The Proposal would, if adopted, require purchasers of bonds acquired at a discount on the secondary market to include market discount in taxable income over the remaining life of the instrument. The amount of the market discount inclusion for any taxable year would be computed (like original issue discount) on the basis of a constant interest rate.
The Proposal would include a special rule for bonds held by a partnership. Under this special rule, in the case of bonds held by a partnership with respect to which a transfer of a partnership interest occurs by sale or exchange or by reason of death, the market discount rules would be applied to the transferee partner as if any bond held by the partnership were acquired at the time of the transfer.
In an effort to distinguish market discount resulting from changes in interest rates from market discount resulting from deterioration of the issuer’s creditworthiness, the Proposal would limit taxable secondary market discount to the amount that reflects increases in interest rates since the loan was originally made. Specifically, the Proposal would limit taxable secondary market discount to an amount based on the greater of the original yield on the bond plus 5 percentage points or the applicable federal rate plus 10 percentage points.
These market discount changes would apply to bonds acquired after December 31, 2013.
The Proposal also includes amendments aimed at premium bonds by allow taxpayers to claim “above-the-line” deductions for bonds acquired at a premium on a secondary market.
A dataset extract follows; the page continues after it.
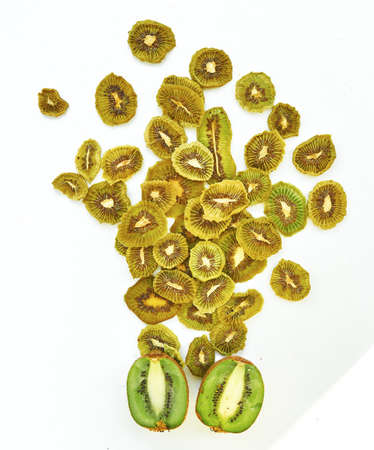 Fresh kiwi and dried kiwi slices on white background.の写真素材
This market premium provision would apply to taxable years beginning after December 31, 2013.
Change the Determination of Tax Basis on Sales of Securities
The Proposal would change the rules for specifying the tax basis of securities that are sold by requiring a taxpayer who sells a portion of its holdings in substantially identical securities to determine its taxable gain or loss based on the taxpayer’s average tax basis in the securities, including both the securities sold and the securities retained by the taxpayer. This Proposal would be coordinated with the recently enacted basis reporting requirements so that taxpayers would continue to be permitted to determine basis in their securities on an account-by-account basis.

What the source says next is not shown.